• _What you will do_
Copy out the listing below exactly, please, and skip any pictures.

• _Dataset section_
>>>>

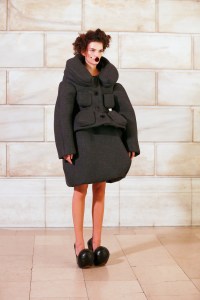 Marc Jacobs Spring 2025 Ready-to-Wear Collection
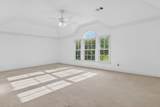 5628 Montelle Ln - Photo 28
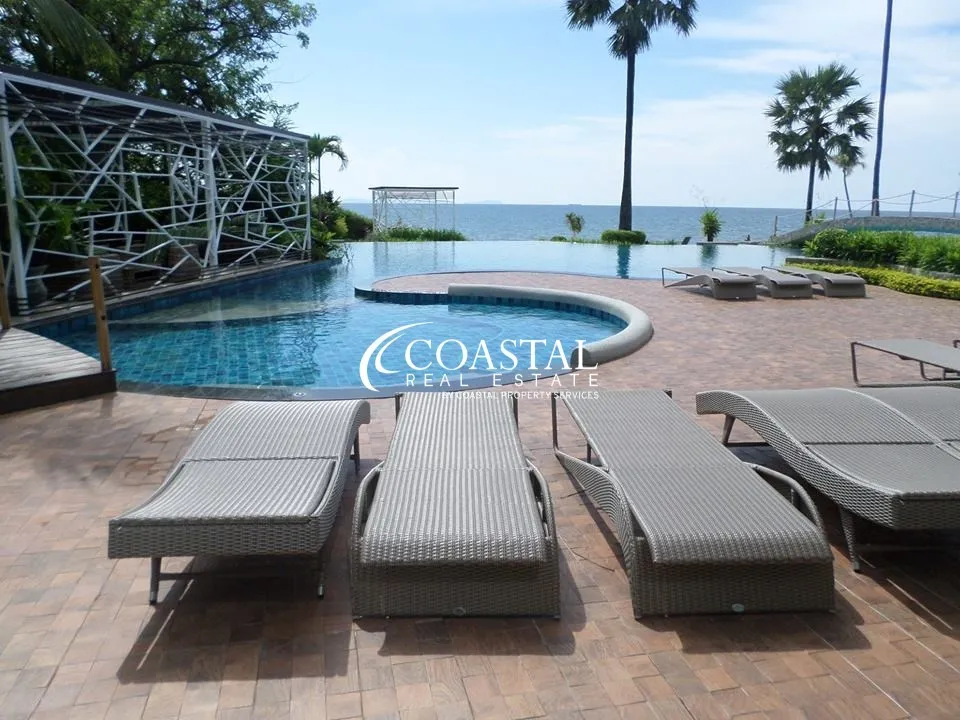 Condo For Sale Wong Amat_C012218_7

<<<<

• _Result of this exercise_
 Marc Jacobs Spring 2025 Ready-to-Wear Collection
 5628 Montelle Ln - Photo 28
 Condo For Sale Wong Amat_C012218_7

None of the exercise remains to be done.